En algunas calles de barrios conflictivos de la ciudad de Madrid se han colocado sistemas de videovigilancia porque el nivel de delincuencia y de inseguridad era elevado, de manera que queda justificada esta instalación. Asimismo, desde hace ya un tiempo, en la Estación Sur de autobuses de Madrid se ha instalado uno de los sistemas de reconocimiento facial más punteros para detectar la presencia de  carteristas. Desde su instalación, la delincuencia en este recinto se ha reducido en un 95%. Se trata de un sistema de cámaras de circuito cerrado que escanea las caras de todas las personas que acceden a la estación y las compara con las que tiene almacenadas en su base de datos, pudiendo realizar hasta 50 millones de comparaciones por segundo. Cada día pasan por este recinto una media de 70.000 personas, de manera que se pueden llegar a cuestionar los límites entre privacidad y seguridad.

Privacidad o seguridad en las calles de Marbella

Otra ciudad española con presencia de cámaras de videovigilancia es Marbella. En la actualidad no es de las ciudades con más dispositivos (tiene 85 y en verano de 2020 se instalarán otras 105), sino que se caracteriza por ser una de las que utiliza cámaras más precisas, con ultra alta definición. La nitidez de las cámaras, de 16 megapíxeles, permite ver la calle como si se tratara de una película en una televisión de alta definición. Además, el zoom del que disponen permite leer la pizarra del  menú de un restaurante a decenas de metros.

Sin embargo, estos dispositivos marbellís no utilizan sistema de “reconocimiento facial” (sujeto al principio de proporcionalidad según la legislación) sino de “búsqueda por apariencia”. El sistema se basa en rasgos únicos del rostro, color de ropa superior e inferior, edad, género, color del pelo y aspecto, información que no es biométrica, sino que es lo mismo que vería un agente de seguridad por la calle. A parte de la búsqueda por apariencia, el sistema también permite detectar movimiento inusual, a pesar de que por el momento esta función no está activada. Por ejemplo, si una persona tarda más de 10 segundos en pasar por delante de una fachada, la cámara avisaría al puesto de mando y se podría ver si se está realizando una pintada o si hay algún problema o imprevisto.

Según la policía marbellí, gracias a este sistema de cámaras de videovigilancia (instalado en octubre de 2018) se han resuelto varias  denuncias falsas y los hurtos han bajado, seguramente por el efecto disuasorio de los dispositivos.

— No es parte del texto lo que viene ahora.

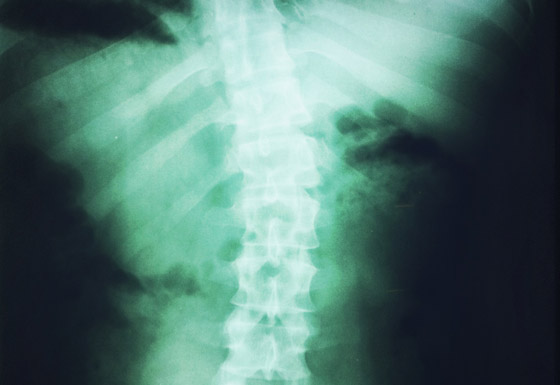 rubenstein-xray-1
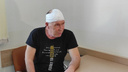 «Человек снимает шапку, а перед <nobr class="_">ним —</nobr> вторая голова»: в Новосибирске спасли пациента с опухолью на лбу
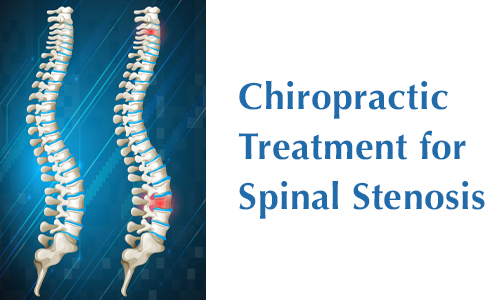 Main image for the blog Chiropractic Treatment for Spinal Stenosis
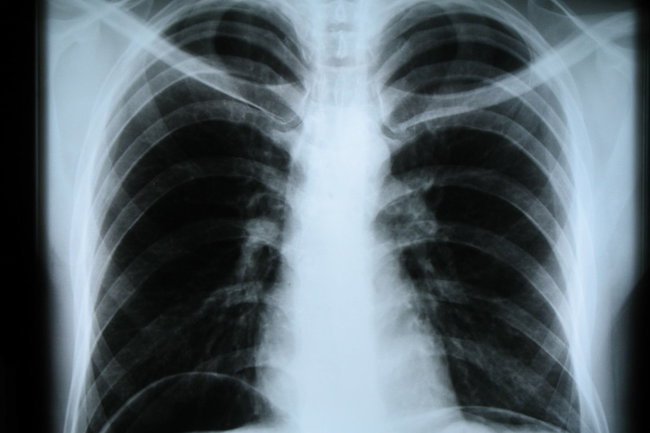 На Ямале снижается число заболевших туберкулезом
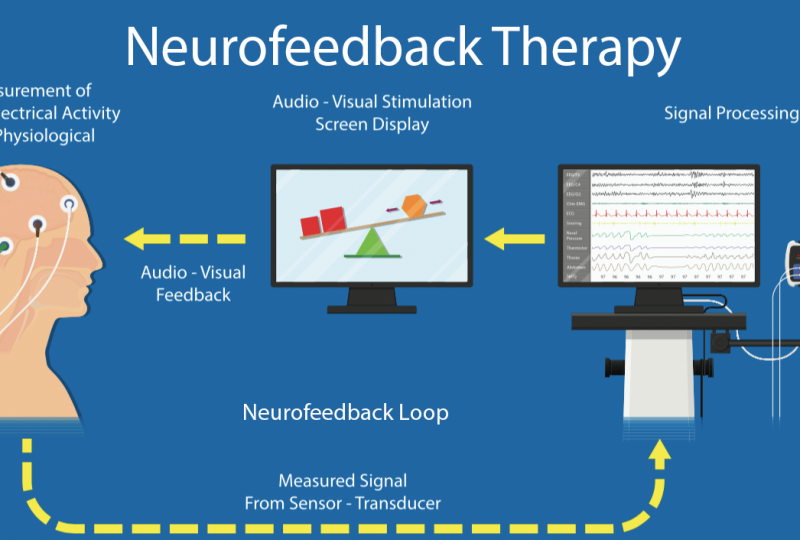 neurofeedback-upd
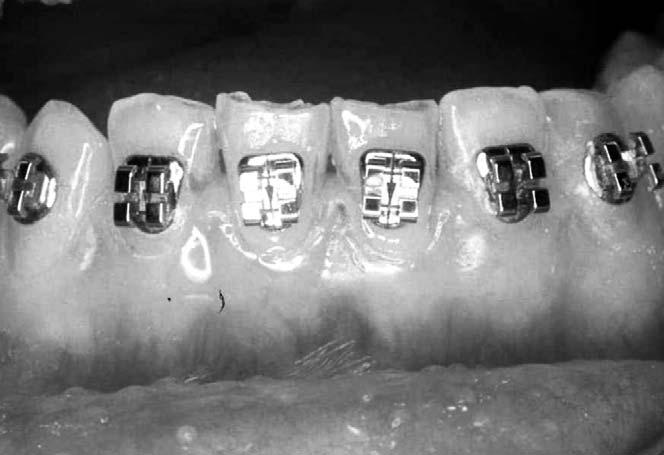 To obtain these surgical results, the dental arches had to undergo presurgical orthodontic treatment. Apart from leveling and aligning the teeth, the orthodontist had two specific goals.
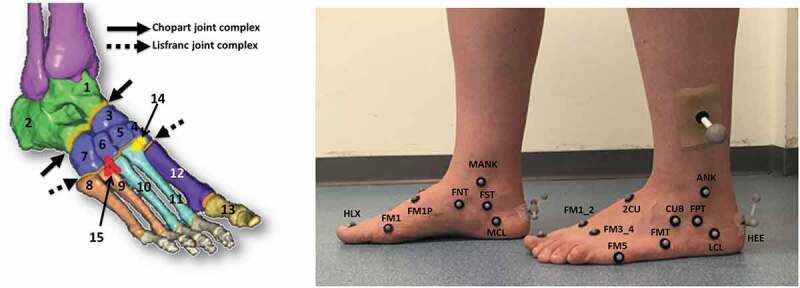Metatarsal arch deformation and forefoot kinematics during gait in asymptomatic subjects.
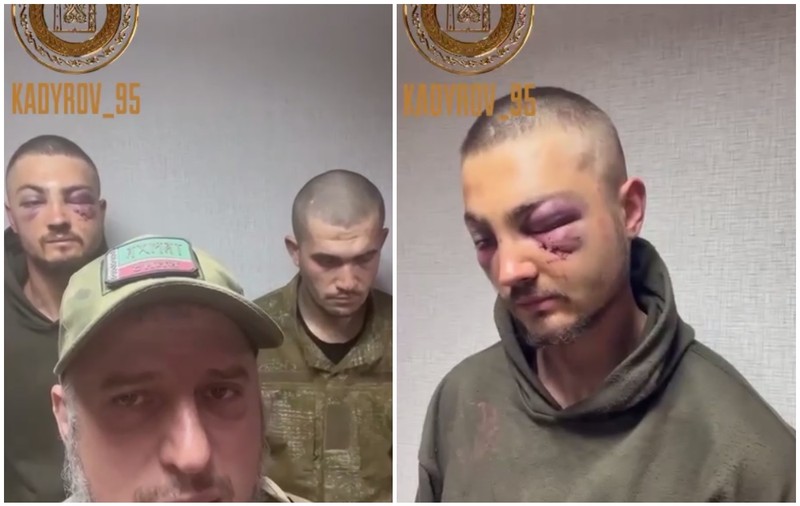 Soldat ucrainean capturat de cecenii lui Kadîrov, cu ochii învinețiți: „A călcat pe o greblă când se preda!”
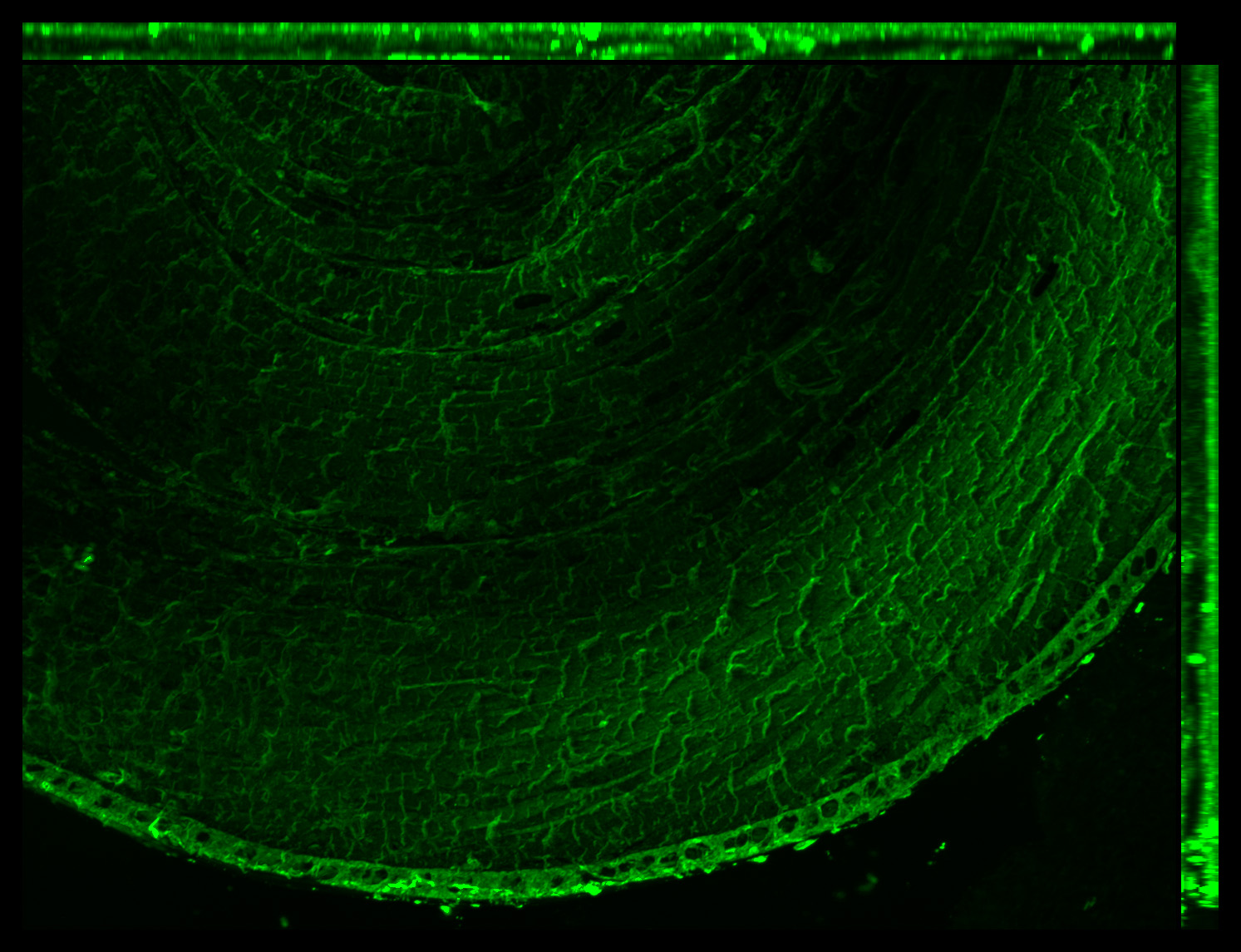 Gene expression in the human fetal eye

China: el “referente” en videovigilancia

Según un informe de IHS Markit, en 2021 habrá mil millones de cámaras de videovigilancia  instaladas alrededor del mundo. Se estima que, en la actualidad, ya hay unos 770 millones de dispositivos, un gran porcentaje de los cuales en China. Y es que, sin duda alguna, el gran “referente” en sistema de videovigilancia es la República Popular. De las 10 ciudades del mundo con más cámaras en las calles, 9 son chinas. La otra es Londres, que ocupa la sexta posición con 68 cámaras/mil habitantes. En la actualidad se calcula que hay más de 200 millones de cámaras de seguridad instaladas, cifra que se podría duplicar el año que viene. La ciudad con más densidad de cámaras por habitante es Chongqing, con 169 cámaras por cada mil personas.

Desde hace un tiempo se está empezando a probar, en algunas regiones del país, el sistema de crédito social un sistema que combina reconocimiento facial, geolocalización e inteligencia artificial para puntuar al ciudadano en función de su comportamiento. La previsión es que en 2020 se implante oficialmente este sistema en todo el territorio chino, tema que merece un post aparte.